Obama's Tax Plan Would Increase Equality

After the American Century

President Obama has been forced to spend much of his first month in office dealing with Bush's mistakes, particularly economic mistakes. With the submission of a new budget proposal, however, he has begun to present his own vision. He does not want to spend all his time being a fireman putting out Republican fires. Rather, he wants to redesign the economic fabric so that the economy is stronger and more resilient.

In the short term, Obama is spending lavishly to try to escape the mess Bush created. That is the gigantic budget one reads about. But longer term Obama wants to return to the tax system of that most dangerous radical, Dwight D. Eisenhower. During Ike's presidency (1953-1961) taxes on the wealthiest Americans were high, and although adjusted they remained so during the 1960s as well.

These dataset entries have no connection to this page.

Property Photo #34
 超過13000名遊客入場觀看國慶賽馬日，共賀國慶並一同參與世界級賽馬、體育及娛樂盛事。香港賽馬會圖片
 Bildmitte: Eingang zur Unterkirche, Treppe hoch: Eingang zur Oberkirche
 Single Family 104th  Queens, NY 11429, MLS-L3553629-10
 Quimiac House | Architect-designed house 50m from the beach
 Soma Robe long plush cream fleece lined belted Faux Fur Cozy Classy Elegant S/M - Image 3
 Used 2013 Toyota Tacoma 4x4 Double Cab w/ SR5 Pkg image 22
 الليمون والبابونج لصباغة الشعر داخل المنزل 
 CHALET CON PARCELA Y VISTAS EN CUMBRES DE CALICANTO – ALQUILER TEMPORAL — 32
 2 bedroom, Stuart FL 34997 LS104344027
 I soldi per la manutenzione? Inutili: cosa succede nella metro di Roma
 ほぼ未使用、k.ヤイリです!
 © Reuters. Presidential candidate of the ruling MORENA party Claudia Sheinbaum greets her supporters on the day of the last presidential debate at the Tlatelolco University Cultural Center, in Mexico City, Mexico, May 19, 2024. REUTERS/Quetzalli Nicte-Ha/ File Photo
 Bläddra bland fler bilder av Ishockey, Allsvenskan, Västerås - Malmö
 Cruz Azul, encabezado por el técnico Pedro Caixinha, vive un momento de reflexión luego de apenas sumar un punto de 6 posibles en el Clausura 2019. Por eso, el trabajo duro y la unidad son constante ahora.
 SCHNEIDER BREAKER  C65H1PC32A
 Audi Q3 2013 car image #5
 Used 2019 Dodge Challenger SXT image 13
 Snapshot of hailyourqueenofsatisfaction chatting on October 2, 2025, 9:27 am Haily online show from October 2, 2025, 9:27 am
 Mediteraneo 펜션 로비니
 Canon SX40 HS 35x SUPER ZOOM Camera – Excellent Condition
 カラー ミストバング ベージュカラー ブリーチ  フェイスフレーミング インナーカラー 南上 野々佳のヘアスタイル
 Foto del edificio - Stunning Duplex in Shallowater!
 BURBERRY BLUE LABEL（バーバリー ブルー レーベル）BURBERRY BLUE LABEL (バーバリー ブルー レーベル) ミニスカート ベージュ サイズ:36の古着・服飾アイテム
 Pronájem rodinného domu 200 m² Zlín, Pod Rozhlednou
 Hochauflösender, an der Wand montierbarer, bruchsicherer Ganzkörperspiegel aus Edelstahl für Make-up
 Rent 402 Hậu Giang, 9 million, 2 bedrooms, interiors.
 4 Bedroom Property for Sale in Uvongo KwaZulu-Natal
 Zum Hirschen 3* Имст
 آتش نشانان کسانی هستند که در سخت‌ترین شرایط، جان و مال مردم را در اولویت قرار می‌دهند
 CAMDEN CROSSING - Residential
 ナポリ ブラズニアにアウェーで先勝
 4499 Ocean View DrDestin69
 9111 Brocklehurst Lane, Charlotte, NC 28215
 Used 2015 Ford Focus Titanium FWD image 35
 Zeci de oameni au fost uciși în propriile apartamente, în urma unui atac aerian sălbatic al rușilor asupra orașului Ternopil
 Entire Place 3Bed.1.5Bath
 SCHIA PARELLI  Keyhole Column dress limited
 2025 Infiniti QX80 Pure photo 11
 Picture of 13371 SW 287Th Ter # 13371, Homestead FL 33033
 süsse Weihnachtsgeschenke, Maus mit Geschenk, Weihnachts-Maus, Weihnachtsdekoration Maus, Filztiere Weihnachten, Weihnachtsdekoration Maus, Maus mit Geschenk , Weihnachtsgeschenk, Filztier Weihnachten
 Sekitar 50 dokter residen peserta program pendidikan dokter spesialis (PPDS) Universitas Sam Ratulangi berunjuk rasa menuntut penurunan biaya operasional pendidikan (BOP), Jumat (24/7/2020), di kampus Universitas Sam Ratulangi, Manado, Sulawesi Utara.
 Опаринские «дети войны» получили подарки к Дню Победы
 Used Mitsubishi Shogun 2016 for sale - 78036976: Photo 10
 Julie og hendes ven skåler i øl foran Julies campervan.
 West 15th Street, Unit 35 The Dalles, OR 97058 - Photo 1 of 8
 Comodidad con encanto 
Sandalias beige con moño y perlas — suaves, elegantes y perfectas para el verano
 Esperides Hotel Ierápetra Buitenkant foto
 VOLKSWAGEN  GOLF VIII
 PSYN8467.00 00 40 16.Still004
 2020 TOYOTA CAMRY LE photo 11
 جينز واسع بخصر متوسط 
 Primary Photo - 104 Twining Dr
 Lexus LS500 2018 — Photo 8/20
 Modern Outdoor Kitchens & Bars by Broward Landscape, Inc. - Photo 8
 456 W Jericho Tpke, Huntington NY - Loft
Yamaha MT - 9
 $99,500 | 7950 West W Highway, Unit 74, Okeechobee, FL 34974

During these years the real income of the middle class (in other words their income once adjusting for inflation), rose steadily. After the weak economy of the 1970s, however, Ronald Reagan pushed through dramatic reductions in the tax rate on the wealthy, which began a sizable redistribution of wealth that has lasted for almost thirty years. I lay out the basics of this change in Contemporary American Society (161-166). Just before Reagan lowered taxes on the wealthiest Americans, the top fifth of all US citizens received 43.7% of all income, while the bottom fifth got just 4.3%. In other words, the top fifth made ten times as much as the bottom fifth. By 2005 the poorest fifth had sunk to just 3.4%, while the top fifth received 51.3%. The top fifth made fifteen times as much as the bottom fifth.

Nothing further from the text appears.